A thorough analysis of the state of cybersecurity of the U.S. defense industrial base (DIB) reveals that nearly 90% of its contractors do not meet the required security standards.

Defense contractors possess sensitive national security information and are being constantly targeted with sophisticated hacking operations led by state-sponsored hackers.

The State of The Defense Industrial Base Report  was commissioned by CyberSheath and carried out by Merrill Research. 

The survey questioned 300 U.S.-based DIB contractors via an online survey in July 2022.

The supply chain of the departments in question was evaluated using the Supplier Risk Performance System (SPRS), which is the U.S. Department of Defense’s (DoD’s) single, authorized system to retrieve supplier security performance information.

Contractors who do not possess an SPRS score of 70 or higher are deemed noncompliant with the Defense Federal Acquisition Regulation Supplement (DFARS) criteria.

The DFARS is a set of cybersecurity regulations the DoD imposes on its contractors.

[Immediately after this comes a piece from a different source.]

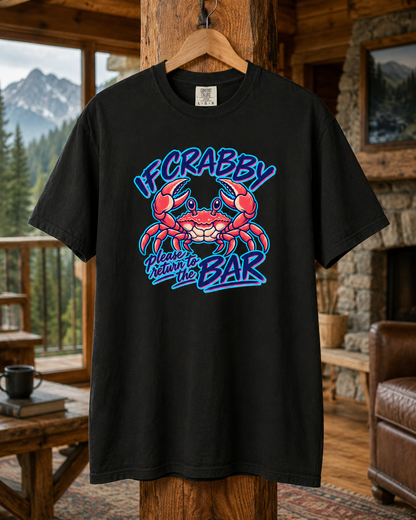 If Crabby Crab Illustration T-Shirt | Coastal Nautical Beach Design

The DFARS, which has been in effect since 2017, demands a score of 110 to be considered fully compliant.

Data presented by Atlas VPN shows that a startling 89% of contractors have an SPRS score of less than 70, which means that they do not meet the legally required minimum.  

Over 25% of the supply chain received SPRS scores between -170 to -120, while only 11% of surveyed contractors received a score that is regarded as compliant.

The research conclusions show a clear and present risk to U.S. national security.

These findings should not be easily overlooked, considering the current global political tensions and the constant barrage of attacks from state-sponsored hackers.

Areas of noncompliance

Approximately 80% of the DIB does not monitor its systems 24/7/365 and does not use security monitoring services headquartered in the U.S. Using foreign cybersecurity services has a risk on its own.

Additionally, 80% do not have a vulnerability management system, 79% do not have a robust multi-factor authentication (MFA) system in place, 73% do not have an endpoint detection and response (EDR) solution, and 70% of organizations have not implemented security information and event management (SIEM).

These security measures are legally required by the DIB, and if they are not satisfied, the DoD and its capacity to undertake armed defense face a major danger.